Concerning the lack of cultivating realization: Apart from the surpassing excellence of its philosophical thought, the most important thing about the principles of the Buddhist teachings is that they are not empty theoretical talk. They require each and every person really to put them into practice and test them body and mind and to work to carry them out. Only by this kind of personal practice can one experience realization of the complete answer. Because of this, from a modern point of view, Buddhist learning itself has a very scientific spirit. It has been able to stand the test of time. Moreover, besides its philosophical thought, it also is very rich in scientific principles. Indeed, Buddhism is a rich treasury that has not still been opened up on any large scale by the worlds people.

In present day Buddhism, there are many who talk theory, but few who cultivate realization. In the 20th Century, the scientific era, what proof can they show that will make people respect Buddhism? Moreover, due to the shortcomings of Buddhists in cultivating realization, even when they talk theory, they come out with many distorted theories. This is extremely frightening, dangerous situation, which threatens Buddhism with self destruction. We must adjust our ideas realistically and work hard on our realization and insight.

Concerning the tendency to mix in politics: In keeping with the prevailing democratic current of the 20th century, in all the enlightened nations of the world, the freedom of religious belief and the freedom of religious groups to participate in politics legally must be beyond question. But how should the Buddhist message of great compassion be applied to the various kinds of political ideologies and political systems in the world?

If there's no concrete way to settle on a Buddhist theory of political advocacy, then I'm afraid that Buddhist leaders will almost go wrong when they try to mount the political stage by simply relying on their zeal and there ardent desires. They attempt to show the fearless bravery of the founder of religion when they, themselves, have always been lacking the practiced habits of political cultivation. This point is worth careful consideration. We must first seek an excellent level of knowledge and also take our stand on invincible ground before we can participate in politics.

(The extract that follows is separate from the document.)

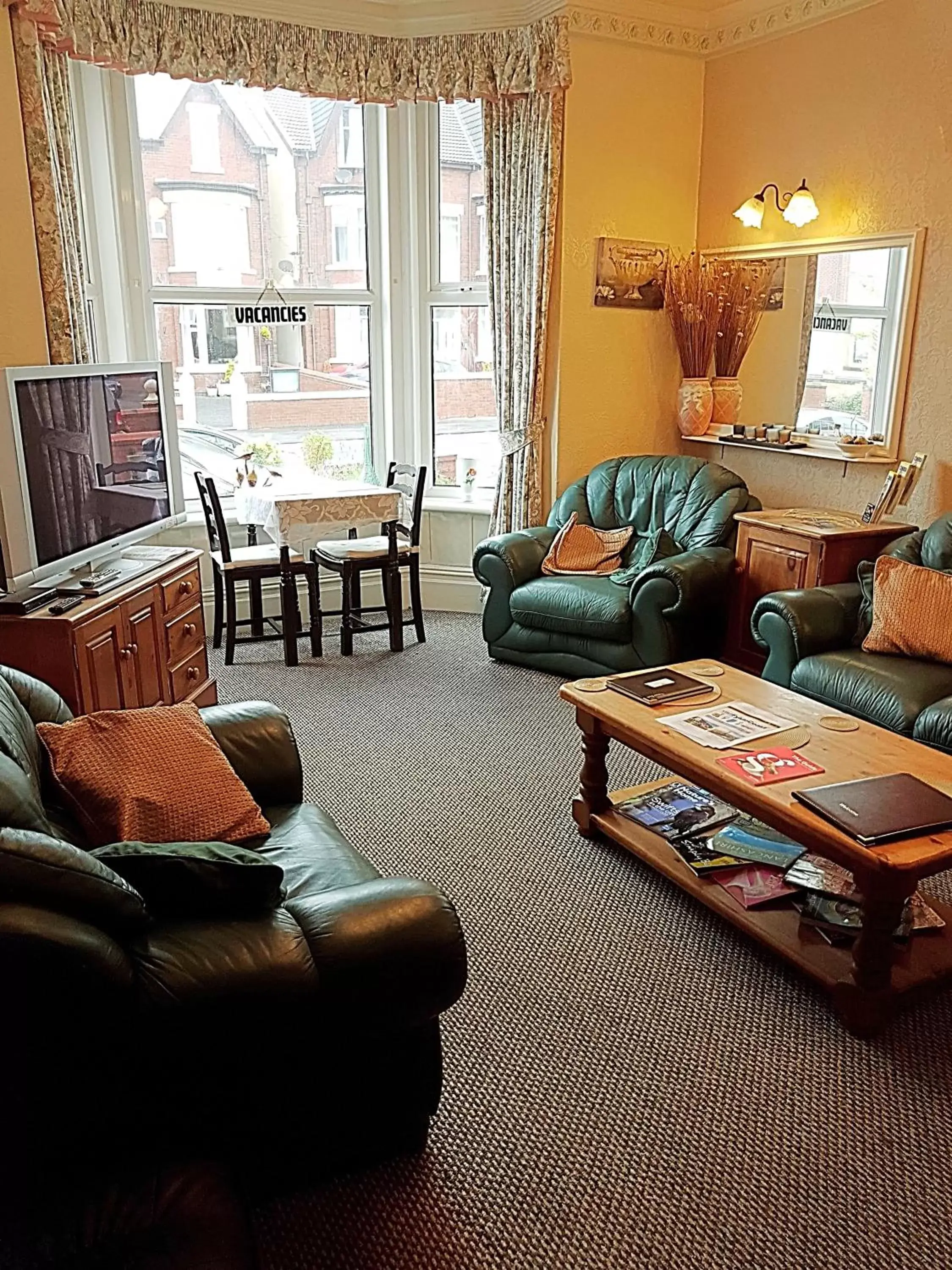 Communal lounge/ TV room, Seating Area in Cumbria Guest House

Let us try to analyze the future of Buddhism. From the point of view of religious belief, it seems that the farther we follow the old road, the narrower it gets. From the point of view of learned thought, the new realm of Buddhism is getting broader and broader. This is because Buddhism has an expansive message, profound principles, a well worked out thought system of surpassing wisdom, and a theory that is great, far reaching and perfectly synthesized. What's more, Buddhism has a long history and a multitude of faithful believers. There is no lack of committed, outstanding people of vision and insight within the Buddhist communities who are ready to express their views and do all they can do for Buddhism to protect the Dharma. They will base themselves on the will to act with true humanity, the stamina to endure, and the spirit to see their duty and boldly carry it out. They will take up the responsibility of the Tathagata's enterprise and reinvigorate the bold style of Buddhism in order to adapt to future currents and win glory in the future era. Indeed, the process of reinvigorating and reviving and enfeebled Buddhism begins with an act of will. This is the authors's sincere hope and prayer.


i'll consider this "still" relevant it was published in 1997.

not sure it helps your "dzogchen/chan" but i posted this out of the basic view of the reality buddhists all over, even though it was composed by a Chan master living in China.